Il 27% degli italiani, risultato leggermente inferiore alla media europea, ritiene che si possa guidare anche se si è stanchi, mentre ben l'81% è convinto, a torto, che si possa lottare contro il sonno parlando con un passeggero, il 56% ritiene che sia utile ascoltare la radio e il 50% guidare col finestrino aperto. Il 28% degli italiani afferma di avere l’impressione di essersi assopito al volante per qualche secondo. Sui percorsi lunghi, gli automobilisti del nostro Paese dichiarano di fare una sosta dopo tre ore e 18 minuti di guida in media. Il 67% dei conducenti italiani, a fronte del 57% degli europei, dichiara invece di fermarsi per riposarsi durante i viaggi lunghi, collocando il nostro Paese dopo il Belgio (83%) e in parità con la Francia. Il 66% dei guidatori si alterna al volante con altri passeggeri, rispetto al 66% di media dell'Ue.
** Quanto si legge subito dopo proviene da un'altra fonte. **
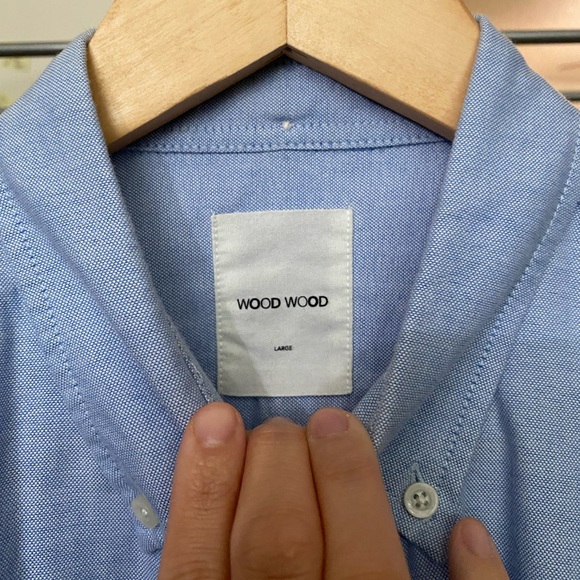 Long Sleeve Button Down Wood Wood Shirt - Picture 2 of 4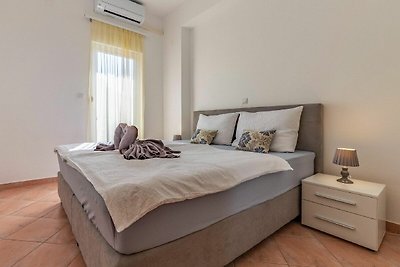 Verführerische Wohnung in Banjole in der Nähe...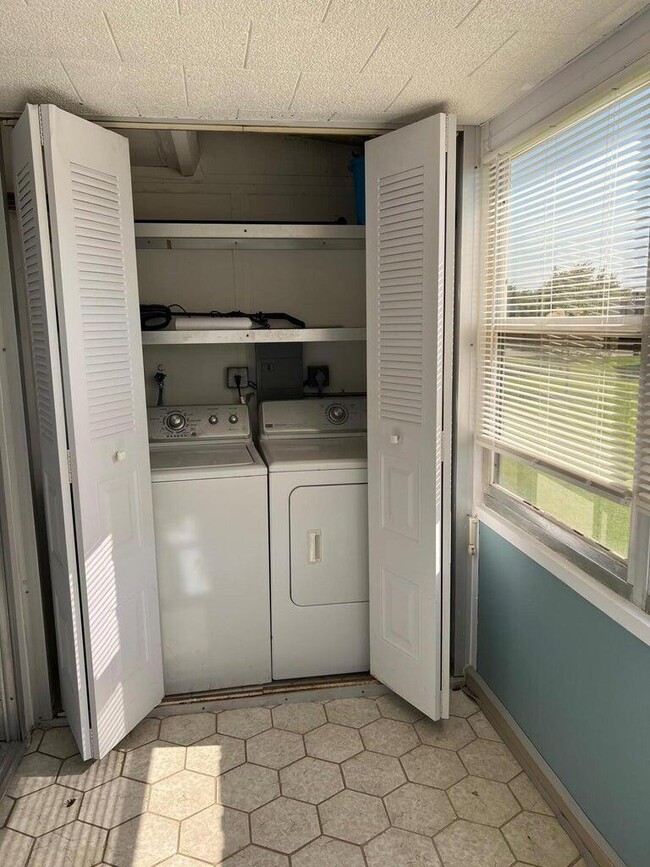 Building Photo - 371 Flanders Dr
Se alcuni dati sono scoraggianti, una visione ottimistica per il futuro ci contraddistingue: il 56% degli italiani pensa che il numero di vittime della strada potrà ancora diminuire notevolmente nei prossimi anni, a fronte del 55%per la media europea). Indulgenti, oltre che ottimisti, 8 italiani su dieci si ritengono molto abili alla guida, giudicandosi attenti (nel 78% dei casi) e calmi (47%), mentre solo il 16% si definisce cortese. Quando si tratta di giudicare il comportamento altrui, gli italiani sono nettamente più severi, ritenendo gli altri automobilisti irresponsabili (45%), stressati (37%) aggressivi (26%) e addirittura pericolosi (il 34%,a fronte del 26% della media europea). Se si guarda all'estero, gli europei ritengono che i migliori guidatori siano gli svedesi (37%) e che i meno responsabili siano gli italiani (31%). Opinione condivisa dagli stessi italiani che considerano il loro Paese come la patria dei conducenti irresponsabili (58% delle citazioni, ben davanti alla Grecia con il 14%).